This is the mail archive of the
libc-alpha@sourceware.org
mailing list for the glibc project.
Re: [RFC 2/3] Move trampolines to common header.
- From: OndÅej BÃlka <neleai at seznam dot cz>
- To: libc-alpha at sourceware dot org
- Date: Sun, 20 Oct 2013 21:39:42 +0200
- Subject: Re: [RFC 2/3] Move trampolines to common header.
- Authentication-results: sourceware.org; auth=none
- References: <20131019082412 dot GA11703 at domone dot podge>
On Sat, Oct 19, 2013 at 10:24:12AM +0200, OndÅej BÃlka wrote:
> Hi, I returned to storing floating point registers.
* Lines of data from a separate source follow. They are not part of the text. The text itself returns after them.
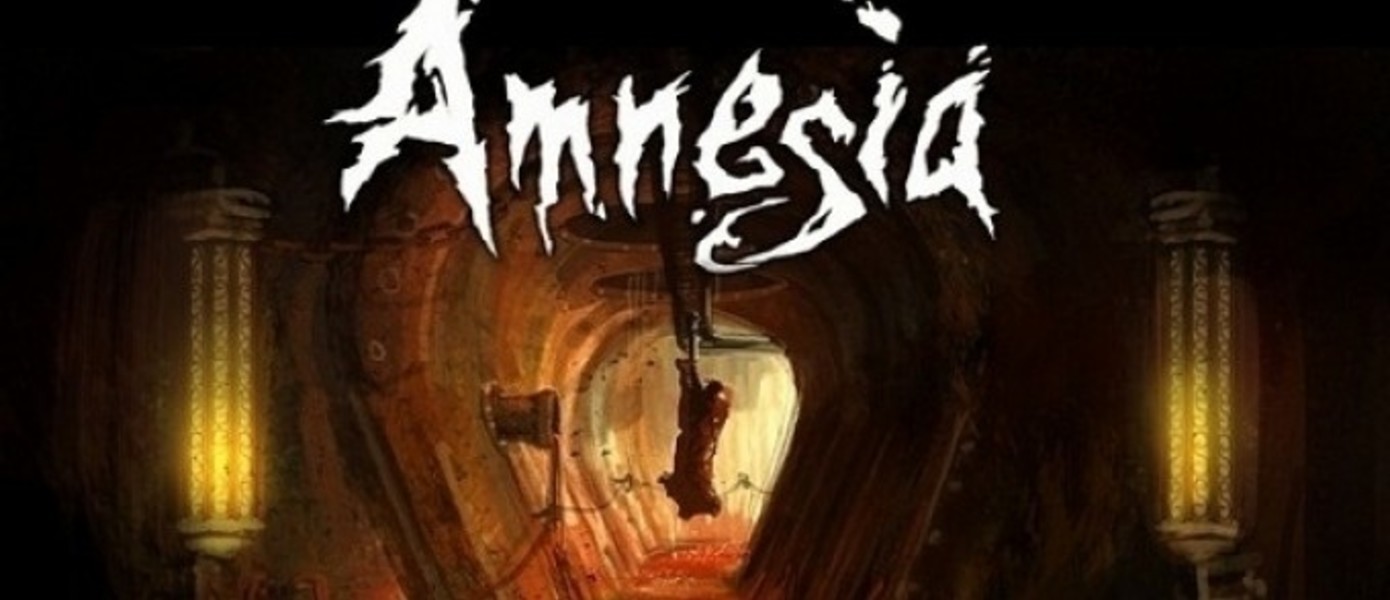 Frictional Games "обдумывают" выпуск Amnesia на PlayStation 4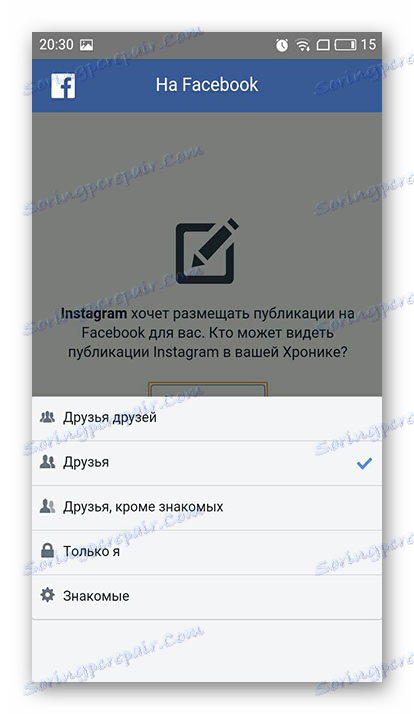 изглед за публикуване на достъп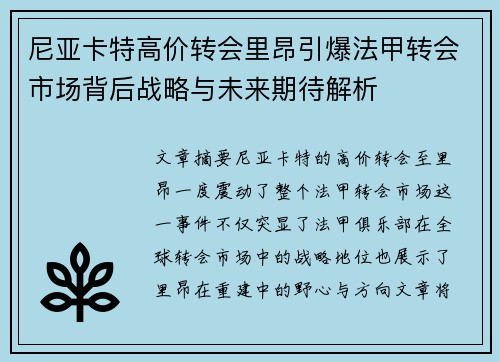 尼亚卡特高价转会里昂引爆法甲转会市场背后战略与未来期待解析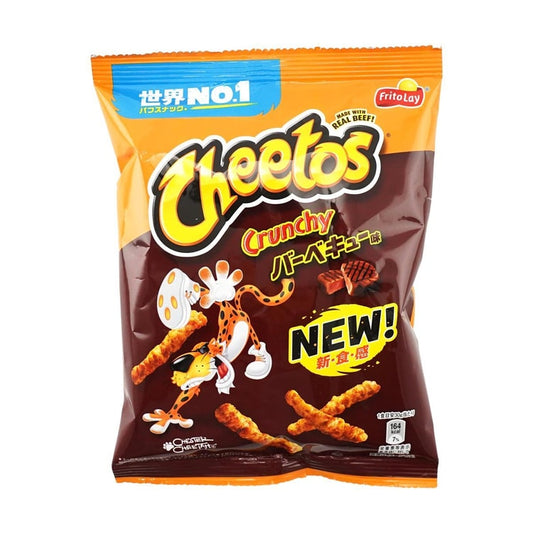 Cheetos Crunchy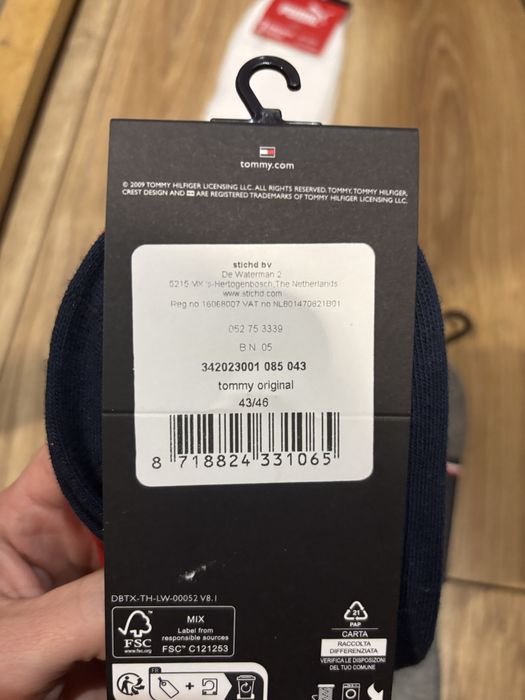 Skarpetki męskie Tommy i puma 43-46 ,9 par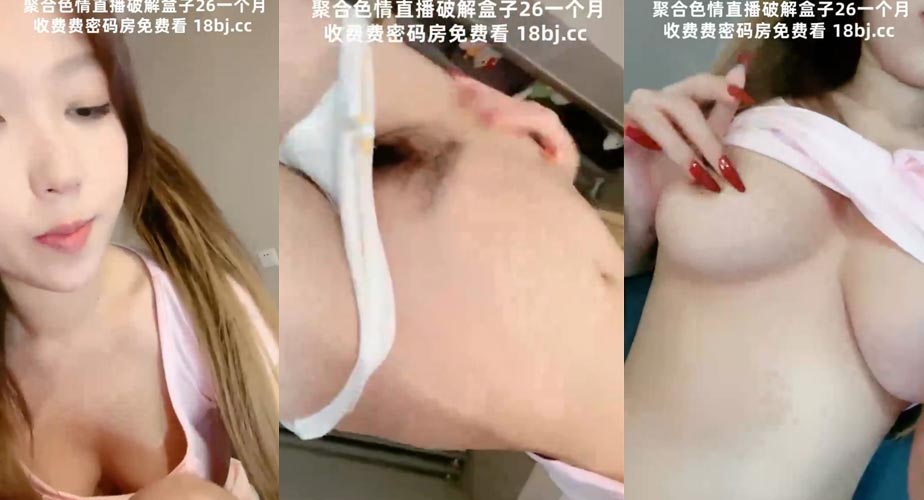 Clip em gái xinh Trung Quốc trẻ đẹp show cặp vú to thật tuyệt vời, Clip Pure Index Very High Chinese Live Broadcast, Gái xinh Trung Quốc trẻ đẹp nhưng cặp vú to này thật tuyệt vời, Xem Nuclear Bomb G Cup School Beauty, Masturbation Pussy Is Juicy, Em gái teen Trung Quốc tóc vàng live show cặp vếu to tròn thật tuyệt, Clip em teen xinh Trung Quốc trẻ đẹp khoe cặp vếu đẹp, Clip em teen girl Trung Quốc xinh đẹp như diễn viên khoe hàng trên giường đủ mọi tư thế, Em teen xinh Trung Quốc live show boob, Teen girl Chinese live show big boob, China Asian teen girl show pussy, China Asian teen girl show nipples, Clip teen girl China CỰC XINH show hàng body ngon, Clip girl teen China show her pussy, China Asian teen girl show boob, China girl teen live show today, Teen girl China show pussy, Clip teen girl China show body ngon nhảy tiktok, Teen girl Chinese bigo live hở núm ti đẹp, Teen girl Chinese such as doll show nipples, Chinese teen girl beauty live show sexy xinh như Địch Lệ Nhiệt Ba ĐẸP Quên Đường Về, Clip idol teen Chinese show hàng đẹp như Địch Lệ Nhiệt Ba, Clip teen Asian Suzy hot teen Chinese sexy dance nude body đẹp ngẩn ngơ, Clip teen girl cute Chinese đeo kính cận Siêu Dễ Thương cởi hết show body đẹp mê, Ngắm gái xinh vú to, Clip gái xinh 18 show vú to đẹp, Clip gái xinh 18 cởi quần áo vú to núm hồng, Gái xinh Việt Nam mông to vú khủng, Gái xinh vú to khỏa thân lộ hàng, Clip gái xinh vú to, Ngắm gái xinh 18+ vú tròn to, Gái xinh cực cute khoe ngực khủng, Gái xinh mới lớn livestream khoe ngực trần, Clip gái xinh khoe ngực to, Gái xinh cute mới lớn, Gái xinh mới lớn Việt Nam, 核弹 G奶校花 20小时 小初恋 清纯指数极高中国直播 年龄看着不大这对大奶子真是惊人 自慰骚穴水汪汪 中国 直播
A first step is
> refactor code so it can be factored out in second patch and sse saving
> logic in third patch. A code now is inconsistent in several ways:
>
This is second patch. There may be some modifications depending on
feedback from first patch.
Comments?
* sysdeps/x86_64/dl-trampoline-real.h: New file.
* sysdeps/x86_64/dl-tlsdesc.S: Factor common code out.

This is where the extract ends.